The listing below holds a line with "is kit and kaboodle good cat food" and a line with "Guide of Souls - Modern Horizons 3 - R - 29". Reproduce those two lines exactly, plus everything between them.

> Dataset content:
__________________________________________________
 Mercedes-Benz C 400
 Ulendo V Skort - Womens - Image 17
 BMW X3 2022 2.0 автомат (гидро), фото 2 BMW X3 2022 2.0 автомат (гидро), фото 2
__________________________________________________
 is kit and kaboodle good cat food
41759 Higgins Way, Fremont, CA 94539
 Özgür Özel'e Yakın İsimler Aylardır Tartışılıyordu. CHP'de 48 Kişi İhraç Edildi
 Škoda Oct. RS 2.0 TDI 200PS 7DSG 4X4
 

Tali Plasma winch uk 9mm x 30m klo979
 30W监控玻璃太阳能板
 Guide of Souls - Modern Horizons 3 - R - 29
__________________________________________________
> Response below:
 is kit and kaboodle good cat food
41759 Higgins Way, Fremont, CA 94539
 Özgür Özel'e Yakın İsimler Aylardır Tartışılıyordu. CHP'de 48 Kişi İhraç Edildi
 Škoda Oct. RS 2.0 TDI 200PS 7DSG 4X4
 

Tali Plasma winch uk 9mm x 30m klo979
 30W监控玻璃太阳能板
 Guide of Souls - Modern Horizons 3 - R - 29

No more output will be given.